One of the minds behind the provincial Health Accord says there are fundamental problems leading to the most recent health-care pressures that have caused emergency rooms and hospitals to overflow.
But fundamental problems need fundamental responses, Health Accord co-chair Sister Elizabeth Davis told CBC News on Wednesday.
"Now, as has been rightly pointed out, we have to move more quickly on making it happen," Davis said.
The Health Accord blueprint is the Newfoundland and Labrador government's long-term, 10-year strategy for revamping its health-care system.
The focus of the 262-page report and its 59 recommendations is long-term solutions, noted Davis.
"We have to be very clear that short-term solutions here are not what the Health Accord is about, but we do need to address the short-term concerns," she said.
"The Department of Health and Community Services, with the regional health authorities, have a responsibility to do that."
Davis warns, however, that by continuing to put out small fires, the province runs the risk of making the same mistakes it has in the past.
"The change that we need to bring about is much more fundamental than that and it has to look at the bigger picture," she said.
The short-term fixes are also untenable, says the NDP's health critic, following a weekend in which Eastern Health publicly asked people to stay away from the two emergency rooms in St. John's unless experiencing a medical emergency.
Jim Dinn told CBC News said it's not reasonable to expect people to know whether they should go to an emergency room — and in many cases, people don't have another option.
"It's putting people in the position of trying to be their own physicians when they're not medically qualified," he said. "People are there, they're going to emergency in many cases because they have no doctor to go to."
Asking people to determine whether a condition or illness warrants a trip to the emergency room causes a lot of "emotional turmoil," said Dinn.
"How do you make that decision? How do you make that decision for someone that maybe you're caring for?" he said.
"Maybe for yourself you can make that decision, but what if it's a child you've got, or what if it's a loved one? You're not going to leave that to your own judgment. This is going to make life very difficult for people, and it's not helping the system in any way, shape or form."
Dinn acknowledged health-care problems aren't limited to Newfoundland and Labrador — but the fact shortages are being seen elsewhere only makes it more critical to take more sustainable action.
"It's good to know, from a global context, a nationwide context, that we're not alone," he said. "That's good for understanding the problem but that can't be the excuse for not fixing it."
Newfoundland and Labrador Medical Association president Dr. Kris Luscombe told CBC News Thursday that bed and nursing shortages are affecting inpatient services.

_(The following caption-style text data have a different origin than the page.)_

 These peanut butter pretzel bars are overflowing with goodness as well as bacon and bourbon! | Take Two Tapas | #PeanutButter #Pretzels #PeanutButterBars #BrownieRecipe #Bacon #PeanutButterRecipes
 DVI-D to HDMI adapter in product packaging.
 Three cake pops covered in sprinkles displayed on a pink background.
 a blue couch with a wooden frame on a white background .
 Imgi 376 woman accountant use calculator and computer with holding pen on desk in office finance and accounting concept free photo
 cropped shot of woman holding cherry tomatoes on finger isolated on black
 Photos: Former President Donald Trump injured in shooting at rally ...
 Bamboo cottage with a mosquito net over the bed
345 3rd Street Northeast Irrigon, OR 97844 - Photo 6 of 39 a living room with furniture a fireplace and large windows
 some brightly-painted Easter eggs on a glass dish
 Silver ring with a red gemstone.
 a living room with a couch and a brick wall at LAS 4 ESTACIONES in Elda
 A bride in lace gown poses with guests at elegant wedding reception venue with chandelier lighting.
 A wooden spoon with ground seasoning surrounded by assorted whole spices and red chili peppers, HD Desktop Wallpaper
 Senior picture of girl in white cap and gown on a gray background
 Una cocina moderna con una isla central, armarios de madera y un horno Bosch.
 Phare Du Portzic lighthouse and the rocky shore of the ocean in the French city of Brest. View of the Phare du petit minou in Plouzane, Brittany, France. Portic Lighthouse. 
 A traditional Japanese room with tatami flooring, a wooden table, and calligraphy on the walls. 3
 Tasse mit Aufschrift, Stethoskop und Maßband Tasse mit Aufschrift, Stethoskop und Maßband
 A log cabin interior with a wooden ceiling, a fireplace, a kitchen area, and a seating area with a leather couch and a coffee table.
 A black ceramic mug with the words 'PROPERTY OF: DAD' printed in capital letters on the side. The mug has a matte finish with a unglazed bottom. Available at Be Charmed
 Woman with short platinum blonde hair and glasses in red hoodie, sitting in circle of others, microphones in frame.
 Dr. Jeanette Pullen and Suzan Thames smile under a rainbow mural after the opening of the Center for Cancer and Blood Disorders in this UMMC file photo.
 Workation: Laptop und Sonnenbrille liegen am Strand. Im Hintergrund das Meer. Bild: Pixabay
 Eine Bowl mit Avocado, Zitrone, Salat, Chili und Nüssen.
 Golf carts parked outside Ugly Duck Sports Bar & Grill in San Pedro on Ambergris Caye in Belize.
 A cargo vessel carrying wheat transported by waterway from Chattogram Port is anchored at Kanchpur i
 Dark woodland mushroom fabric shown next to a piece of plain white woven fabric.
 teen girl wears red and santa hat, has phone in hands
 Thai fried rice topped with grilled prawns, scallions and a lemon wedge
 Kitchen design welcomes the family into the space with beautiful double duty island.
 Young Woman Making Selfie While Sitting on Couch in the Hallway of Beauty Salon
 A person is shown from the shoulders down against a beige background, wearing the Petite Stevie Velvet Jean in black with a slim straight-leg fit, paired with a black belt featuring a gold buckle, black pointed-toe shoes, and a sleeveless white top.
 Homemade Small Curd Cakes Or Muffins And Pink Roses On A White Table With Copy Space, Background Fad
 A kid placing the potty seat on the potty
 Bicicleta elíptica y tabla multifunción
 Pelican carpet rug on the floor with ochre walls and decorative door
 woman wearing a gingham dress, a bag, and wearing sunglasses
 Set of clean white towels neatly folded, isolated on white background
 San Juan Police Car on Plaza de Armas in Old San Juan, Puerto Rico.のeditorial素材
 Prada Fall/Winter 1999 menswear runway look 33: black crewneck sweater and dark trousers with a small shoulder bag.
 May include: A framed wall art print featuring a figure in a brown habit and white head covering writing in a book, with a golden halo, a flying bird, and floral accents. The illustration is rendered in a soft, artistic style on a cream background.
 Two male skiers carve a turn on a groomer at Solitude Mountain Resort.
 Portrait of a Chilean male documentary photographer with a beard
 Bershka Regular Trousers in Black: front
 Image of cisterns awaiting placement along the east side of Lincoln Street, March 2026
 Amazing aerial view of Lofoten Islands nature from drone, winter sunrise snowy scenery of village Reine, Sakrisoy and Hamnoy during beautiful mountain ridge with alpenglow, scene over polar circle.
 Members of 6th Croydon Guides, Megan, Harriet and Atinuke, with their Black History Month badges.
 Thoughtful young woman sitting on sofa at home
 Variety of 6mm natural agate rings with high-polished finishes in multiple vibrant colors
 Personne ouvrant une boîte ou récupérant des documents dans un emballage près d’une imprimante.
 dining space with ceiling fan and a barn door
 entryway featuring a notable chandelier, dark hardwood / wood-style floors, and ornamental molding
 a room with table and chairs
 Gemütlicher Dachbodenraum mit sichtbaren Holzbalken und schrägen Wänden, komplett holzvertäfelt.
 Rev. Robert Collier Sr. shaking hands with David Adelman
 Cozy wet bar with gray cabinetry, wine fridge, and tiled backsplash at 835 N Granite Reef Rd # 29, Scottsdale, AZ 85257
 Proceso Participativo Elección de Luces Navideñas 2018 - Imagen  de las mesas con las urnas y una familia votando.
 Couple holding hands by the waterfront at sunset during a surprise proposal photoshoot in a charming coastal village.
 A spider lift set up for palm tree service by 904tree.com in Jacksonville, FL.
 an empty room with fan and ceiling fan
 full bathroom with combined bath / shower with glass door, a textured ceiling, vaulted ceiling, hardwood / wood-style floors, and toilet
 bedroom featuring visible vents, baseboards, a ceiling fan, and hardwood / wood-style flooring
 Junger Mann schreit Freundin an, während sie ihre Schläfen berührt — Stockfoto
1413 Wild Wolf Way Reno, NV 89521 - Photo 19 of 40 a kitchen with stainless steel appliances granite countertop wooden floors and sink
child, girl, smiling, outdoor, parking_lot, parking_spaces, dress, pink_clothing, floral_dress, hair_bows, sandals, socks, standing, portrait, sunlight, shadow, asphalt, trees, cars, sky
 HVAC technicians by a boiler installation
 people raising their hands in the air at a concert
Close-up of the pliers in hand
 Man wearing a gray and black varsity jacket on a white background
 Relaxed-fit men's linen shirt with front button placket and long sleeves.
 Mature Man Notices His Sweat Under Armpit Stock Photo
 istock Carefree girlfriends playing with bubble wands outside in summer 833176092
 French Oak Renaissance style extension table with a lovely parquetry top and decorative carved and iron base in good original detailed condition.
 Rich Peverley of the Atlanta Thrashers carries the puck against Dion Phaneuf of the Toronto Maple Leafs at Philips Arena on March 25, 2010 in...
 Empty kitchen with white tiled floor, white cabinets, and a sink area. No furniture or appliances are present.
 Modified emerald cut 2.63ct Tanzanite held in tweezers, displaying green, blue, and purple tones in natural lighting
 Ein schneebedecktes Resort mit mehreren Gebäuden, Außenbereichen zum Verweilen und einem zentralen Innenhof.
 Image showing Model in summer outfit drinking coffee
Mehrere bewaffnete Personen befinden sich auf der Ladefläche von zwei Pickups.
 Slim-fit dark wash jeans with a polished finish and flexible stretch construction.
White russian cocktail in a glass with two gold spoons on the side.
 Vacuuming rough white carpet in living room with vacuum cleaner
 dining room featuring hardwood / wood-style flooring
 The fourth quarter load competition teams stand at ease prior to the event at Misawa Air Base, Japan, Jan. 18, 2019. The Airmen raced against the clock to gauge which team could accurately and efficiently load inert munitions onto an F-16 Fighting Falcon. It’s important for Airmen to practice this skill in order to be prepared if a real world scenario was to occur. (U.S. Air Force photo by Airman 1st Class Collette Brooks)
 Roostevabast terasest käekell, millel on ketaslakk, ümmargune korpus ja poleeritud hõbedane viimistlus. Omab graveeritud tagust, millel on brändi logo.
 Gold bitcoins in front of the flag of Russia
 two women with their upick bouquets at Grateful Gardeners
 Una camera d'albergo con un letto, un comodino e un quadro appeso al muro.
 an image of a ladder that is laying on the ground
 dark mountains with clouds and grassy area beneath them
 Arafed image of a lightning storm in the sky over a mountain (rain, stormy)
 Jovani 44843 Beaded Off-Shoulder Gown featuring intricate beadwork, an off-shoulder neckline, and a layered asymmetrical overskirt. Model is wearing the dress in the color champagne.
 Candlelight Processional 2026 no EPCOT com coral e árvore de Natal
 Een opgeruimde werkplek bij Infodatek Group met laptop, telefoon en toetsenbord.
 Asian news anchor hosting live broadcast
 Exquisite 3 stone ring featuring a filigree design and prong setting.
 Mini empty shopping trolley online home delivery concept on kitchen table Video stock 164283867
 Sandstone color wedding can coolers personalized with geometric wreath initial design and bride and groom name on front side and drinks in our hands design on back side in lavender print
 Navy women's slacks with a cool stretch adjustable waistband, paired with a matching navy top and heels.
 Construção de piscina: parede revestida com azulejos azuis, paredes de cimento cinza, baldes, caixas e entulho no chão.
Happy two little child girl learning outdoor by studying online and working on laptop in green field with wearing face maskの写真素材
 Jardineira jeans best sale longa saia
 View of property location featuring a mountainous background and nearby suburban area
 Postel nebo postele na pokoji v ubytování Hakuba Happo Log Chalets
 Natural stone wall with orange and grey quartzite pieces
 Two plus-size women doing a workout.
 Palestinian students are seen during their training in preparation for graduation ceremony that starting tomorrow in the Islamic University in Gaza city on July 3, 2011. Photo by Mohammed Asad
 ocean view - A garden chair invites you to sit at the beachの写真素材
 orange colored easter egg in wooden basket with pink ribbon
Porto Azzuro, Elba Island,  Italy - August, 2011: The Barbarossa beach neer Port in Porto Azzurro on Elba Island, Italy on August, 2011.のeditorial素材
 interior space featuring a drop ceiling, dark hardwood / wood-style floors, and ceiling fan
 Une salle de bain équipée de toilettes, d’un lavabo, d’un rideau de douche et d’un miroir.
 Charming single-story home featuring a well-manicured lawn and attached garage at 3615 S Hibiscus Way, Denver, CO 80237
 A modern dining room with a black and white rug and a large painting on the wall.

He said a lack of capacity obviously leads to backups across the system.
"It definitely cascades through the system and it really then means that if you can't access beds you really have to be reflective about how do you monitor individuals that may be just on the edge of needing to be admitted," he said.
"Undoubtedly, and I know for physicians on the front lines, it's really frustrating."
He said the NLMA's priority right now is retaining its current physicians. He said while it's nice to focus on recruiting more physicians, it's important to be mindful about how to support existing physicians and how to make sure they don't abandon their current practices.
"One of the first things I'd recommend to everyone who does not have a family doctor or nurse practitioner is to get your name on the province's registry Patient Connect NL," said Luscombe.
"That helps us at least to identify where people are lacking primary care and get a better sense of that number and of course it's from that registry that people will eventually get attached to primary care services."